WASHINGTON (Reuters) – A misfired email from a U.S. Internal Revenue Service employee in Cincinnati alerted a number of Washington IRS officials that extra scrutiny was being place on conservative groups in July 2010, a year earlier than previously acknowledged, according to interviews with IRS workers by congressional investigators.
Transcripts of the interviews, reviewed by Reuters on Thursday, provided new details about Washington managers’ awareness of the heightened scrutiny applied by front-line IRS agents in Cincinnati to applications for tax-exempt status from conservative groups with words like “Tea Party” in their names.

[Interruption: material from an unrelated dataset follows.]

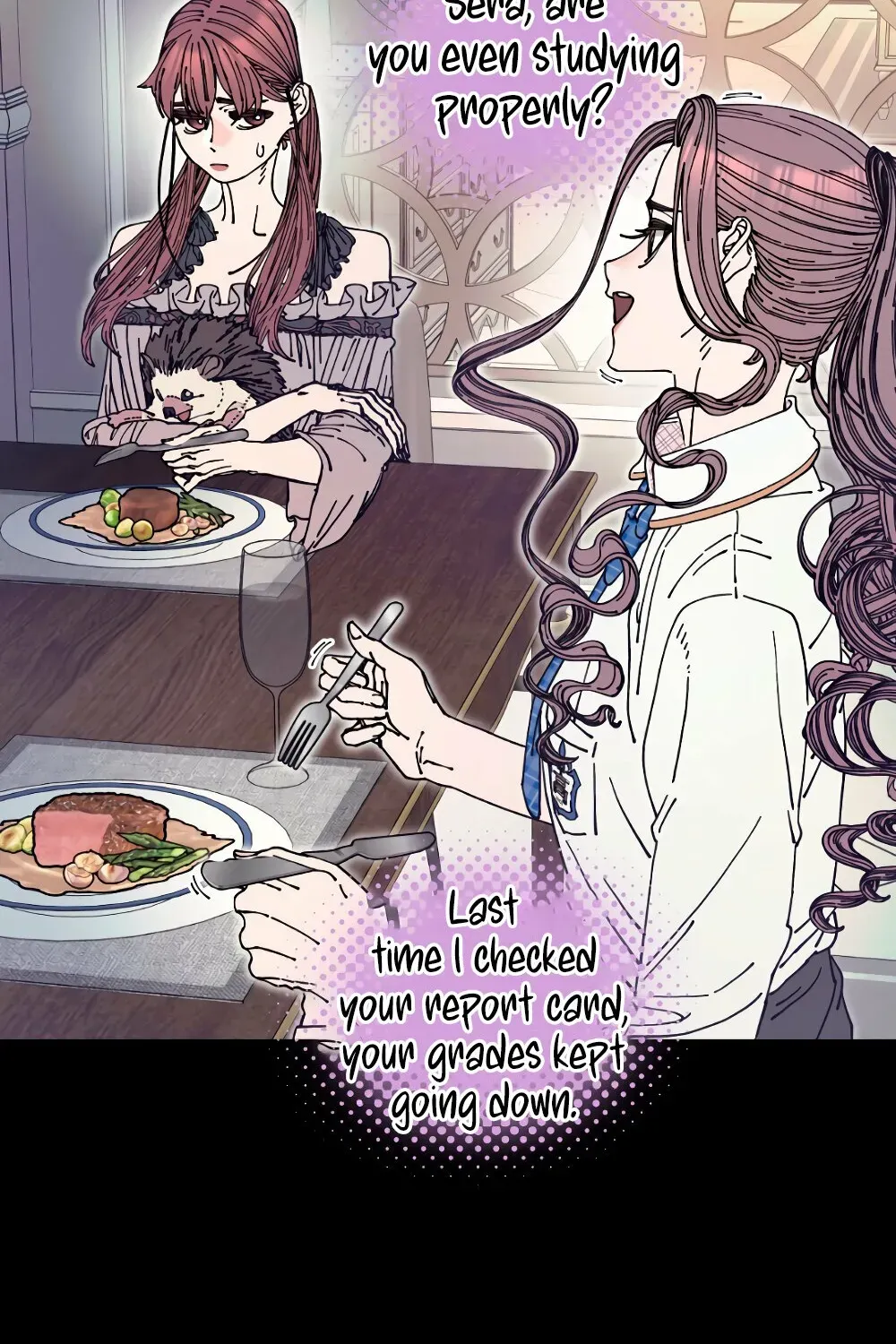 Trash Flower Chapter 21 page 7 -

A political furor over the practice has engulfed the tax agency for nearly a month since a senior IRS official publicly apologized for it at a conference. Since then, the IRS’ chief has been fired by President Barack Obama, the FBI has mounted an investigation and Congress has held numerous hearings.
The transcripts show that in July 2010, Elizabeth Hofacre, an IRS official in Cincinnati who was coordinating “emerging issues” for the agency’s tax-exempt unit, was corresponding with Washington-based IRS tax attorney Carter Hull.
In April 2010 Hofacre had been put in charge of handling tax-exempt status applications from conservative groups by her Cincinnati supervisor.